# Mount ext2 FS in MacOS X



## fddi1 (Oct 10, 2002)

Is there a way to mount a Linux ext2 file system in MacOS X (Jaguar to be exact).  Thanks in advance.


----------



## davidbrit2 (Oct 10, 2002)

So far I haven't found any way to mount ext2 filesystems. The Darwin Kernel doesn't support them natively, but since it's a microkernel, it should be easy enough to load in a module to handle other filesystems. Unfortunately, I don't think anyone has written any such modules yet. Drat!


----------



## strobe (Oct 17, 2002)

The Darwin kernel, xnu, is not a microkernel. Furthermore whether it is or isn't a microkernel has absolutely nothing to do with what filesystems it supports or how easy it would be to support a new filesystem. 

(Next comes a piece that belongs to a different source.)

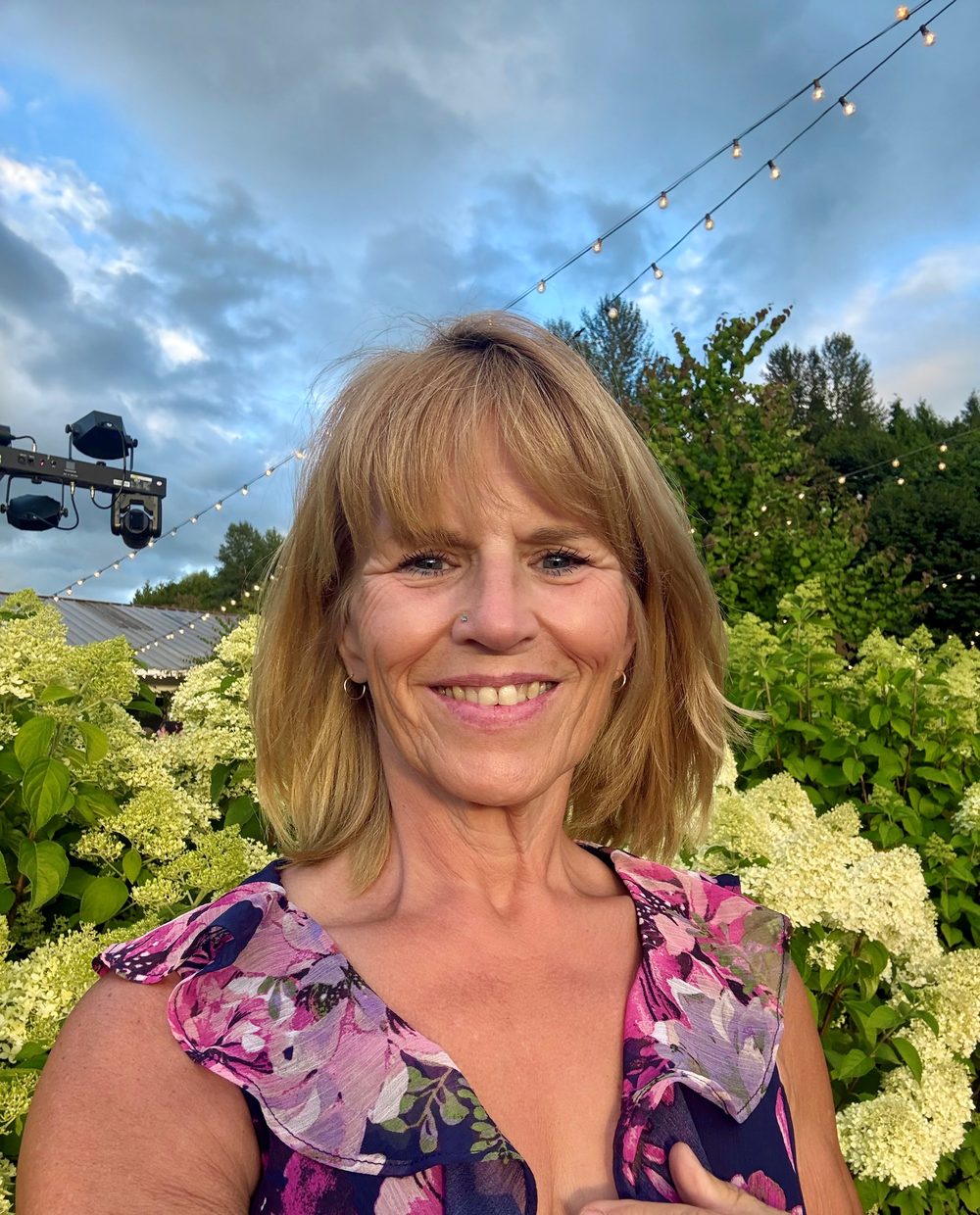 Portrait of Rhonda Covert smiling outdoors under string lights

I don't know the setup of the person who started this thread, but I would suggest transferring files over a network. If the person is running a dual-boot setup of some sort then I would suggest keeping common files in a filesystem which both OSs can use. IIRC there is an HFS+ module for Linux but don't hold me to that. Both also support Fat32 IIRC. And there is of course UFS (although I'm not sure if UFS is universal).


----------



## davidbrit2 (Oct 17, 2002)

Well, whatever the hell it is, it supports dynamically loadable kernel modules. Usually it's easier for the end user to just load a module than to rebuild the whole kernel from source. And I didn't say the implementation would be any easier - but loading the module to enable support sure would be.


----------



## strobe (Oct 17, 2002)

I don't see what that has to do with microkernels.

In Mac OS X you shouldn't ever have to load a kernel module. Kernel modules are bundled into KEXTs or kernel extensions which contain information which tell the KEXT daemon when it should be loaded. Thus if you implement the KEXT correctly it will be loaded when a partition of that filesystem is detected. 

It doesn't sound like you know what you're talking about, as if you're treating Mac OS X like BSD or Linux.


----------



## davidbrit2 (Oct 17, 2002)

It doesn't sound like you _read_ what I'm talking about. Modules: easy to load, and quick availability of functionality. That's all. If you're going to support a filesystem, this is great, since you can just load and unload the module as necessary without needing to rebuild the whole kernel.

So a good KEXT will automate the process, and make this even easier. Cool. But how is that contradictory to something I said?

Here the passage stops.